RELUCTANCE TO NAME FORMAL TAXA (Taxonomy of Trypanosoma cruzi: a Commentary on Characterization and Nomenclature)

RELUCTANCE TO NAME FORMAL TAXA

This contrast between the eagerness to sub-divide T. cruzi and the reluctance to name formal taxa is curious in the light of the comparison with the related trypanosomatid genus Leishmania. For example the phylogenetic diversity in T. cruzi is comparable to that observed in the whole of the genus Leishmania (Tibayrenc 1998a), which is currently divided into nearly 50 species. Even if the comparison is limited to the same geographical area and a single order of reservoir, there are still about twenty mammalian species of New world Leishmania as compared to a single T. cruzi species. Although there is some criticism of the excess number of species in Leishmania, with the level of phylogenetic divergence between some species of Leishmania comparable to lower clades of T. cruzi (Tibayrenc 1998a), the benefit of the named species in clarifying the ecoepidemiology and causes of the diverse clinical manifestations of the leishmaniases is undoubted. Furthermore the studies of Andrade (1974) provided a similar basis for T. cruzi to that of Leishmania for the description of new taxa.

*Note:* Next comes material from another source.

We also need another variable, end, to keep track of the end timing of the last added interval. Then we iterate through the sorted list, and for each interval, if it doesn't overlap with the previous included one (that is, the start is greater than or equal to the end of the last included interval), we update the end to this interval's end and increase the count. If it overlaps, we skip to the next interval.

Several reasons can be put forward to explain this reluctance for describing named taxa for T. cruzi. At the time the principal zymodeme divisions were proposed and in the period afterwards several other studies raised questions about the divisions. For example, Brenner (1977) proposed two polar types (Y and CL). These strains were shown later to posses a number of fundamental differences such as differences in the course of infection in a variety of hosts including morphology of blood forms at peak of parasitemia which occurred at different times and differences in infectivity to mouse peritoneal macrophages, tissue culture cells and in vivo infections. These fundamentally different types appeared to belong to the same zymodeme. The zymodemes themselves appeared not to be stable (Romanha et al. 1979) a finding reinforced by apparent instability of isoenzyme profiles in other parasites (Mirelman et al. 1986). The principal zymodemes also appeared to have geographical variations and could be divided into a number of isoenzyme strains (Tibayrenc & Ayala 1988). At the same time the technique of schizodeme analysis (Morel et al. 1980) showed an extensive heterogeneity within T. cruzi, which could not be readily classified into types. These results were supported by many further DNA studies using a variety of techniques demonstrating the genetic variability of T. cruzi (Macedo & Pena 1998).

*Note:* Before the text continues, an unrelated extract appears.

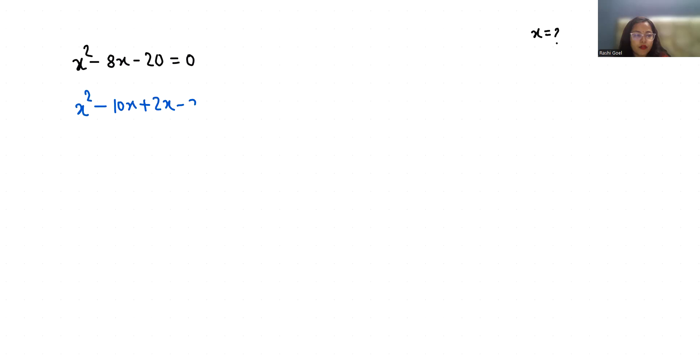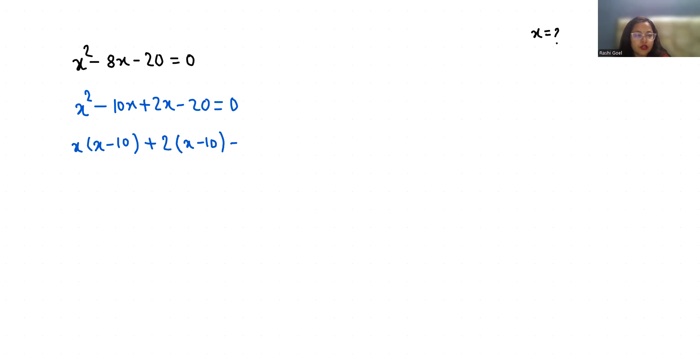Now from the first two terms, if I take x as common: x(x - 10), and from the next two terms, if I take 2 as common: + 2(x - 10) = 0. Now (x + 2) is common, so (x + 2)(x - 10) = 0.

Morever the use of these techniques indicated the possibility of heterogeneity within the T. cruzi strains, with particular strains or isolates being mixtures of at least two populations (Morel et al. 1980) and the probability of selective isolation of clones or strains (Deane et al. 1984, Macedo & Pena 1998). These and other reasons favoured the view of T. cruzi as a single polytypic species and against a formal subdivsion, as well as illustrating the difficulty of correlating strains with patient morbidity. However the possibility of a strain or even clone having more than one population of parasites was in fact the explanation for the observed instability of the isoenzyme characters and apparent similarity between the enzyme profile of the polar types (Goldberg & Perreira 1983, Gomes et al. 1991, Clark & Diamond 1993).